And I didn't even run into a real predator, for whom How To Be Safe is a much more complicated proposition. I ran into another badly instructed kid, and I don't think either of us came across the word "consent" in the information we'd gotten from The System (I should find my copy of the book my parents gave me and see if "consent" is in there, but I don't actually think so), and we certainly didn't know how to negotiate it or think about it.

And yeah, it'd have been good if that kid had had the guts to say, "Hey, are you interested in this touch?" rather than trying it out on me and seeing if I punched him in the nose. And it would have been good if I'd known where my boundaries were ahead of time, rather than having to try to figure it all out on the fly and feeling over my head and too late to speak up. But deriving that shit from first principles with no support, no errors, and no clear implementation isn't exactly something that a fourteen-year-old in the middle of hormone stew is going to be skilled at. (He was seventeen. I don't know that seventeen is much better, or, for that matter, less stew-y.)

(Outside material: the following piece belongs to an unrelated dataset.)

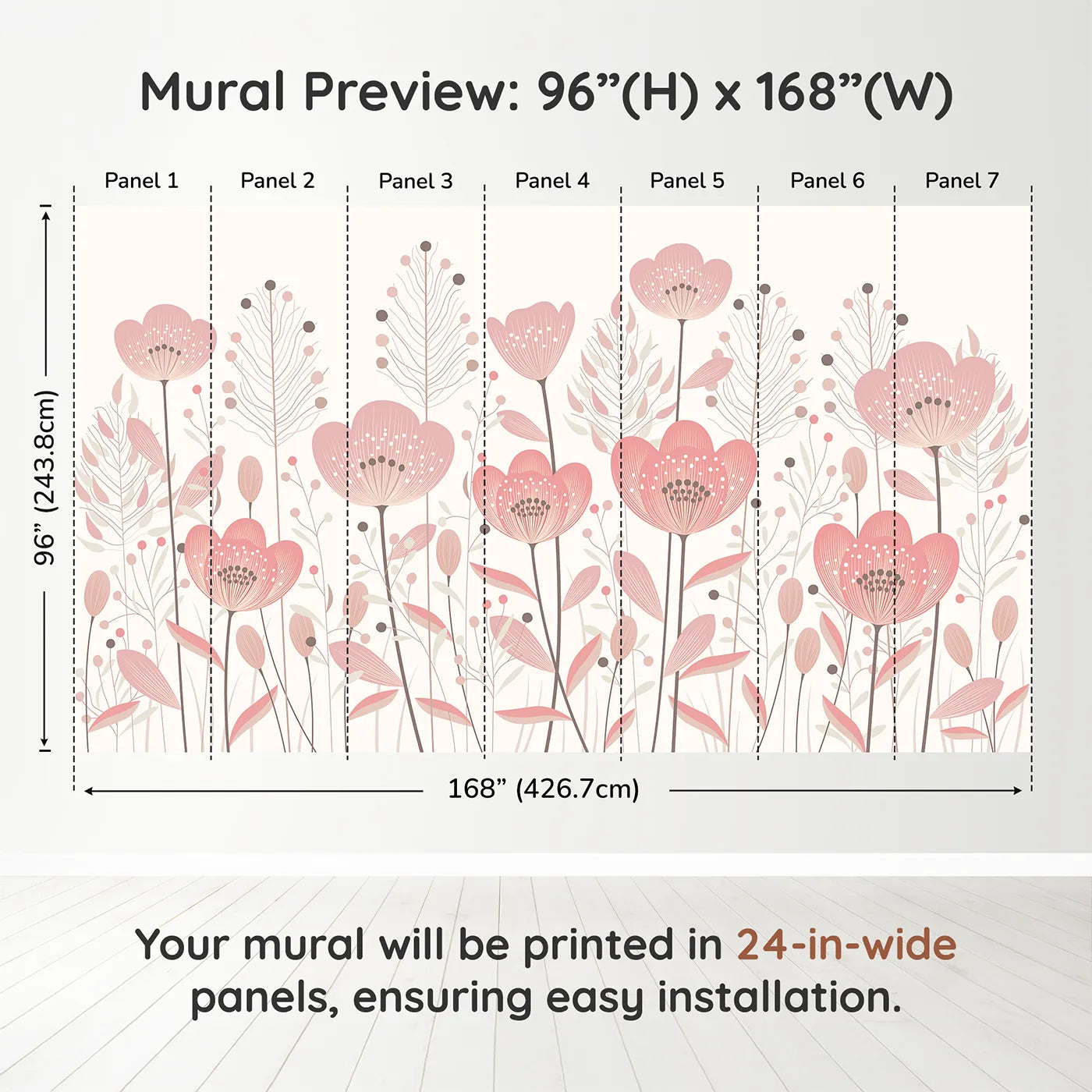 Whimsy Tots Minimalist Flower Meadow Wall Mural in Pinkdimension view (96" H x 168" W). Printed in seven 24-inch-wide panels. Best for Girls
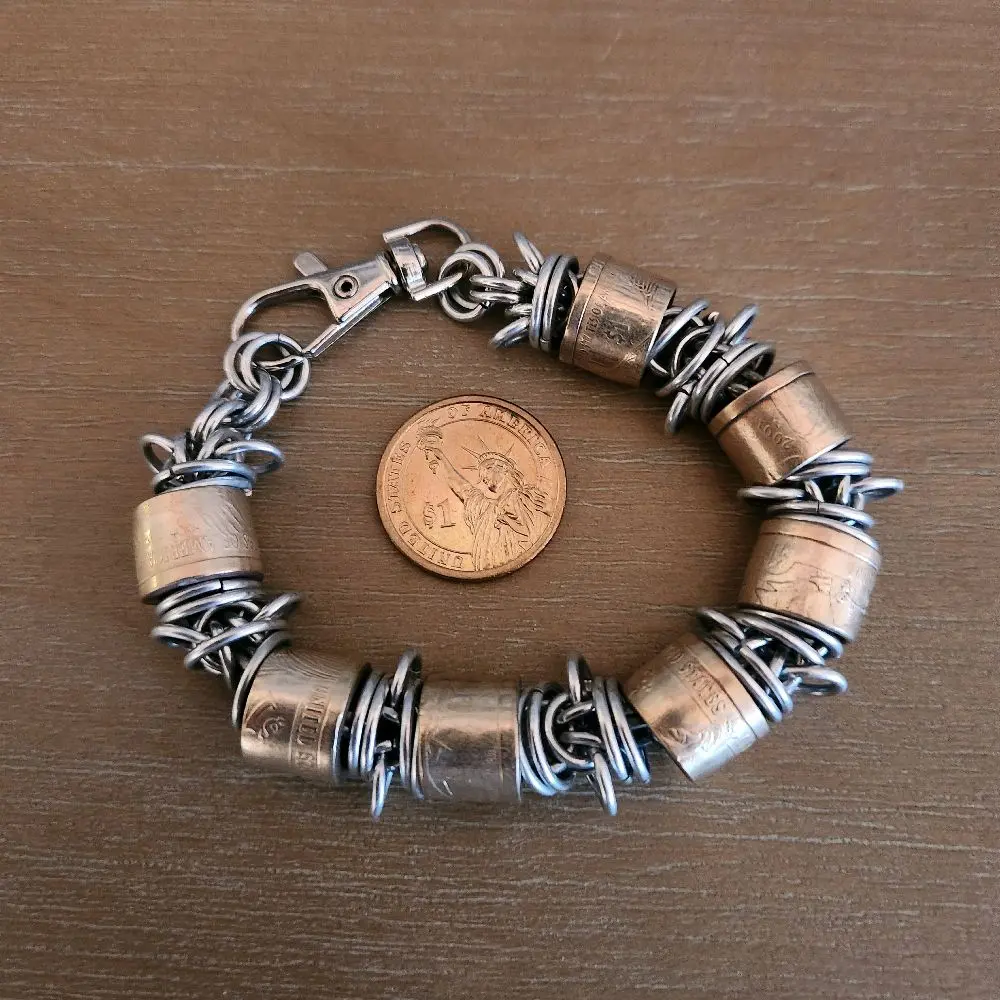 Custom United States Gold Dollar Coin and High Polished Steel Bracelet - Customizable Design with Chain Link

Everything I needed to know to be Safe was that if I didn't say Yes it was rape. Oh, and blood contact transmits AIDS.

That's what they taught me.

There's this little screaming voice somewhere in the back of my heart who sees an earnest person who does not mean harm saying, "Look, but we don't know if they're teaching good information in those classes, that's reasonable concern" and ... this is the person who The System was trying to appease when it lied to me, symbolically speaking.

It's hard to respond to that rationally.

I mean, a rational voice might point out that you know exactly as much about what your school's sex ed classes are teaching the kids as you do about what they're teaching about geography or science: you have the same level of access to the handouts and research materials, the same ability to look at the school curricula, the same ability to write cranky letters to the administration about it and get it adjusted. That's a rational thing to say, a rational thing to point at.

But of course learning where Madagascar is isn't as fucking terrifying as learning where the clitoris is, and the existence of electrons doesn't hold a candle to the danger of the existence of gay people.

And I can't be rational about this. There's this little chunk of my psyche that responds to the Dutiful Parent With Concerns as if it were the great oceanic beast come lurching up to devour the virgin sacrifice where The System left her bound and vulnerable to pay for its hubris. I can't be rational, with my heart tasting of sea spray and terror.